Nairobi City county and the urban roads authority are pointing fingers at each other over deplorable roads.
In the city centre and the estates, roads are in a pathetic condition, some already rendered impassable by floods.
Garbage is littered everywhere. Roadsides and backstreets have been turned into dumpsites. Rainwater mixed with trash and raw sewage flows freely in the estates, slums and parts of the CBD, making life unbearable.
Governor Mike Sonko this week shifted the blame to the Kenya Urban Roads Authority after residents expressed their disappointment in social media.
He released a list of 58 roads and lanes in the CBD, totaling about 34.6km, he said are under Kura and are in a sorry state.
“Bahati, Kimathi, Maringo, Buruburu estate roads are a mess. I hope they will be re-carpeted, not covering up the potholes. We are watching and waiting when this will happen and the quality of the final job,” resident Sheeku Mwaniki commented on the governor’s post on Facebook on Tuesday.
Wesley Ombaye, another resident, posted, “Mowlem estate is in a pathetic situation, governor, from sewage to impassable roads. Kindly do the needful.”
Sonko had posted that his administration had started repairing roads in the CBD and in all the 17 sub-counties even though most of them are under Kura.
But Kura director general Silas Kinoti said the authority is in charge of only two roads in the CBD – Kenyatta Avenue and Haile Selassie Avenue - and nine others outside the city centre.
They are Jogoo road, Outer Ring, James Gichuru, northern bypass, southern bypass, Landhies, Langata, Ngong and Juja road.
Kinoti challenged the county government to account for Sh500 million it receives from the Road Maintenance Levy Fund yearly.

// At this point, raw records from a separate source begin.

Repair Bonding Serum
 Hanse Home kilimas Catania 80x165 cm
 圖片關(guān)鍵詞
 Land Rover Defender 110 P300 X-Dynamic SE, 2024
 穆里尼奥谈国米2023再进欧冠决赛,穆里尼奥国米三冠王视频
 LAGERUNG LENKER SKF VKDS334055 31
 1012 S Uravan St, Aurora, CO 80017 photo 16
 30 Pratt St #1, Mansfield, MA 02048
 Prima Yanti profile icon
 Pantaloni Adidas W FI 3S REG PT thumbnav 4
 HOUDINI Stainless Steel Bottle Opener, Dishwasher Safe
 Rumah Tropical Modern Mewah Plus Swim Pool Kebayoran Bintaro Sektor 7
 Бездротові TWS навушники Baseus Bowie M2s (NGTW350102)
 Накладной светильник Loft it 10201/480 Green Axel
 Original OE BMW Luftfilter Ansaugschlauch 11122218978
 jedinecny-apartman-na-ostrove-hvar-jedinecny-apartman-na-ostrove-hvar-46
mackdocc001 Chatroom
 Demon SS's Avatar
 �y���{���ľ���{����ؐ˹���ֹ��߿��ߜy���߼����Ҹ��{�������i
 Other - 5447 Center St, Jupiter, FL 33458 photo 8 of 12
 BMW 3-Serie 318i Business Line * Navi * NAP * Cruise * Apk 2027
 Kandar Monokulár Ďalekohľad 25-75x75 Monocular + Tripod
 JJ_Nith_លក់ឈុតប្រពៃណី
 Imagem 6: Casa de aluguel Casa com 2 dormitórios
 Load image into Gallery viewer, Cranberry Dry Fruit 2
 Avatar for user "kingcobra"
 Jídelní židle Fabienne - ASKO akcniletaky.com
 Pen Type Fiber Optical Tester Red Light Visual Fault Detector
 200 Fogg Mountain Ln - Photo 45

“The governor is a leader and we do not want to argue with him. We have a roads classification book that the he should check,” he said.
Kinoti, however, said Kura has been instructed by the President to repair all roads in the city following public anger over their poor state.
On Thursday, Sonko blamed rain. “Potholes are caused by the expansion and contraction of ground water after it has entered under the pavement. When water freezes, it expands,” he posted on Facebook.
But resident Cheruiyot Leonard commented, “Nairobians are not interested in knowing what causes the potholes. That is meant for your engineers. Nairobi people need to see the potholes fixed, period!”